Tomorrow will mark the completion of 23 weeks of working out. Honestly, by now I thought I be a little closer to my weight loss goal. Initially, I planned on losing at least a pound a week. In reality it has been about a pound every two weeks. (Also I actually gained weight back last month which I blame on the three Thanksgiving dinners in two days that we had.) I was weighed and measured today and I thankfully have lost most of the weight I gained last month and even through my weight gain I continued to lose inches last month and this month.
Even though it might sound like it I'm not down on myself. I am actually proud that I have kept up going to the gym. I do however need to start getting back in the habit of going as much as I did when I first got started. It was also a lot easier a few months ago because one of my best friends was going with me. She has since moved across town and can no longer go to the gym (which is ironic since she is the one that talked me into signing up!)
I've been feeling a little on the lonely side sometimes since she moved too, which is funny since she just lives across town. We hardly talk that much anymore (both just busy) and when we do it is mostly about what is going on with her since things have been going pretty crappy lately. Other than that I guess we don't have much to talk about since our lives are pretty different right now. When we do manage to get together though we have a blast and don't run out of things to talk about it is just the in between times that stink.

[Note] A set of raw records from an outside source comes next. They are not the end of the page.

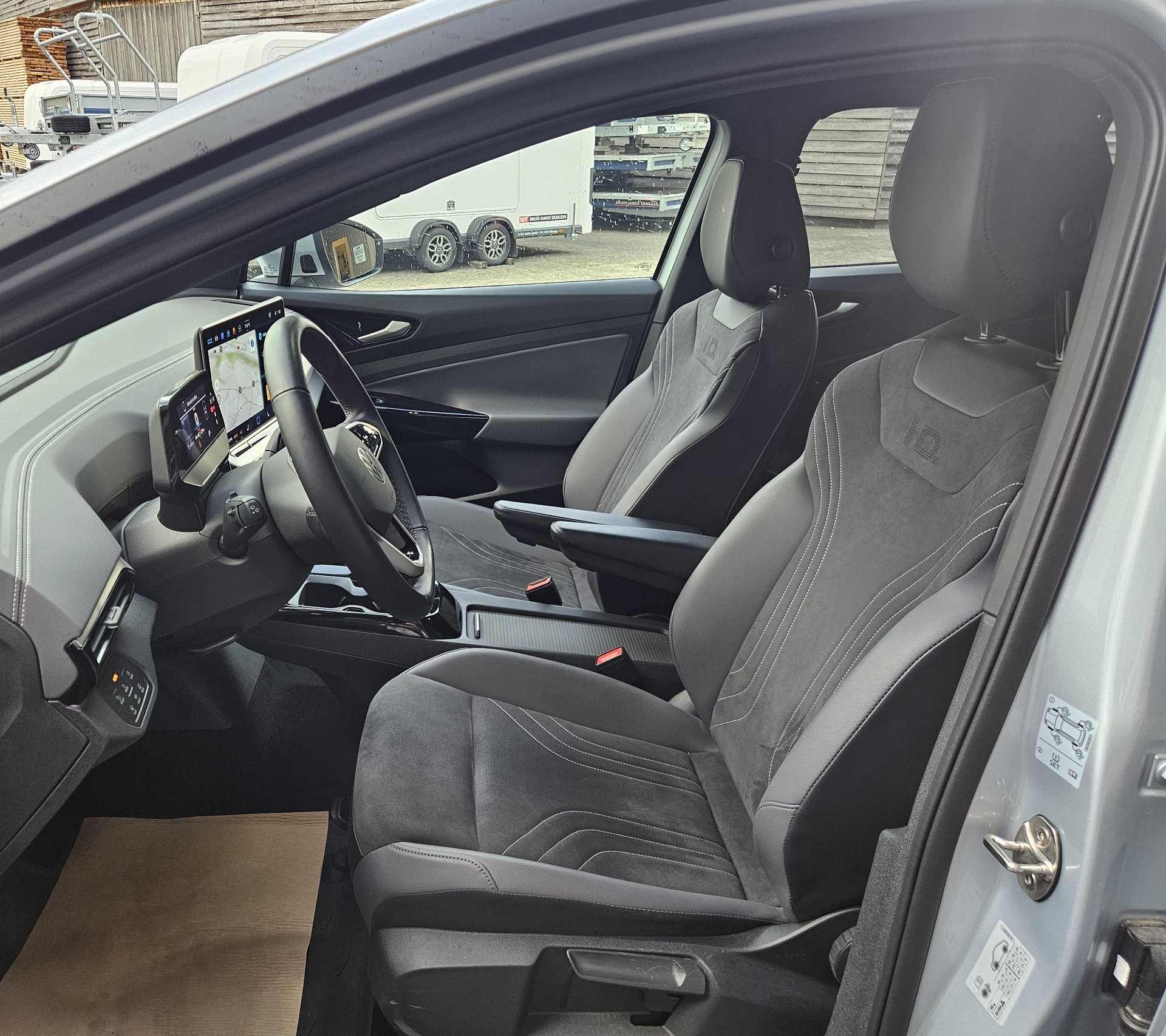VW ID.4 Pro 77 kWh mit Wärmepumpe und Anhängerkupplung-image-8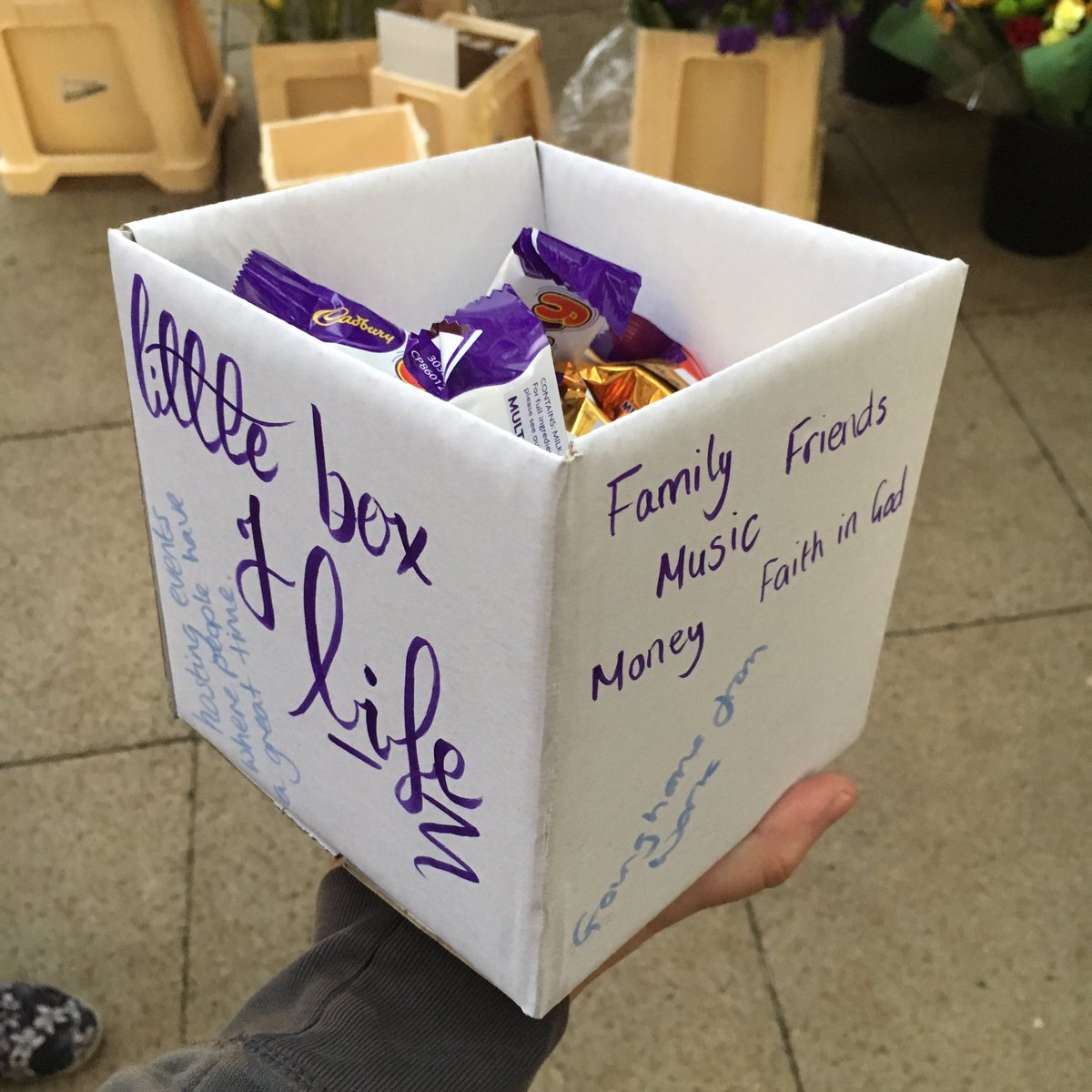 redcurrant101's tweet photo. 'little box of life' responses2 'what gives you life?' from people we passed + treats + given away 2bless #transformtheroom @worshipcentral https://t.co/ppMUbdSpZb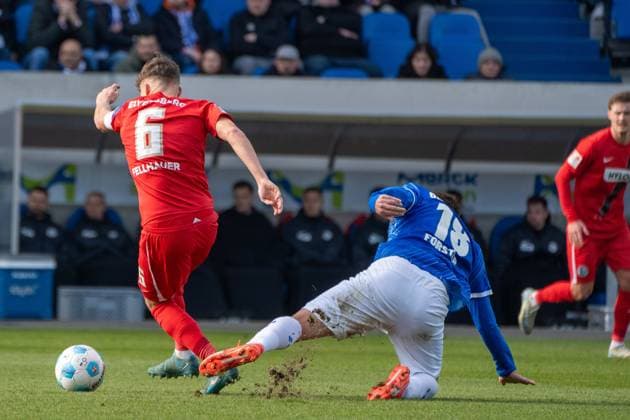08.02.2025, xhfmx, Fussball 2.Bundesliga, SV Darmstadt 98 - SV Elversberg v.l. Robin Fellhauer (SV 07 Elversberg) im Duell mit Philipp Förster (SV Darmstadt 98) (DFL DFB REGULATIONS PROHIBIT ANY USE OF PHOTOGRAPHS as IMAGE SEQUENCES and or QUASI-VIDEO) Darmstadt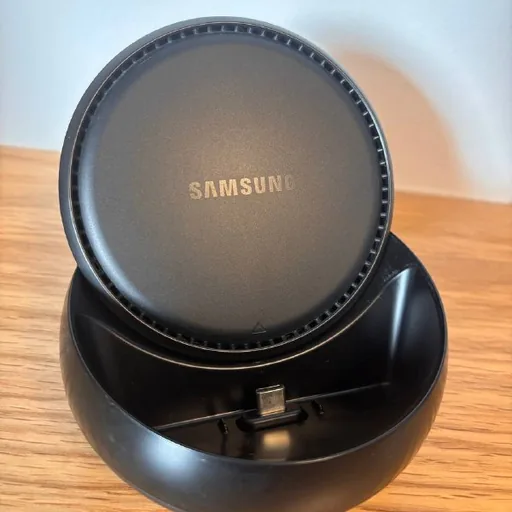 Док-станция Samsung DeX Station EE-MG950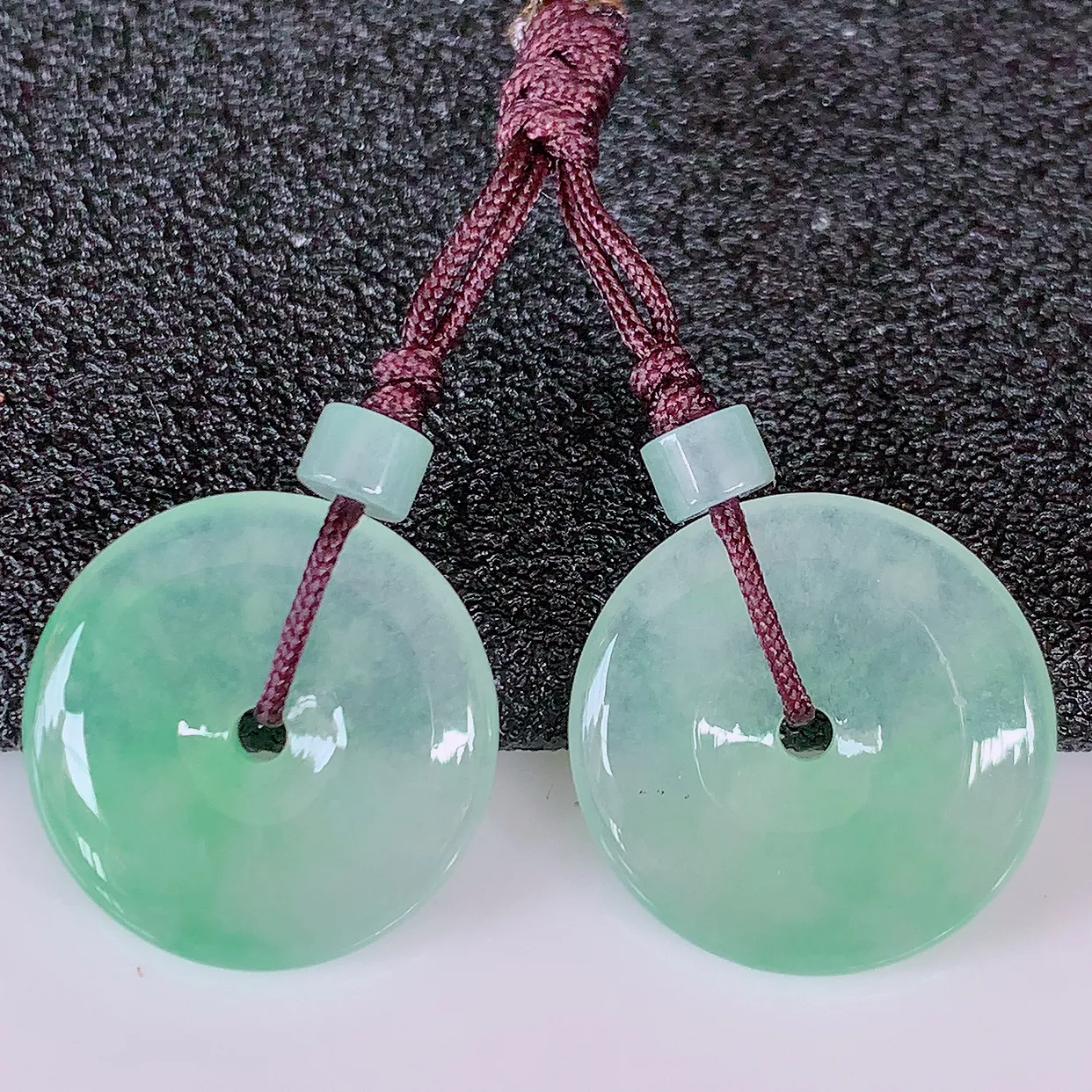 自然光实拍，冰种飘绿翡翠一对平安扣耳坠，翠色灵动，玉质细腻，颜色漂亮，品相佳，佩戴佳品！配银线 #4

Thank goodness for my Mom friends or I would have gone crazy by now. I always have a blast hanging out with them and I know someone is always able to get together and hang out. I guess I just wish I had a fellow mom best friend (if that even makes sense.)
Really, I'm not as sad and depressed as this is all sounding. I think I am just PMSing. I am so over this whole my cycle being regular thing. I guess not having a period for two years made me forgot how crazy and hormonal I get around this time of the month (which I will NEVER admit to my dear husband... because then he would use that whole "is it that time of the month?" every time we got into a disagreement.)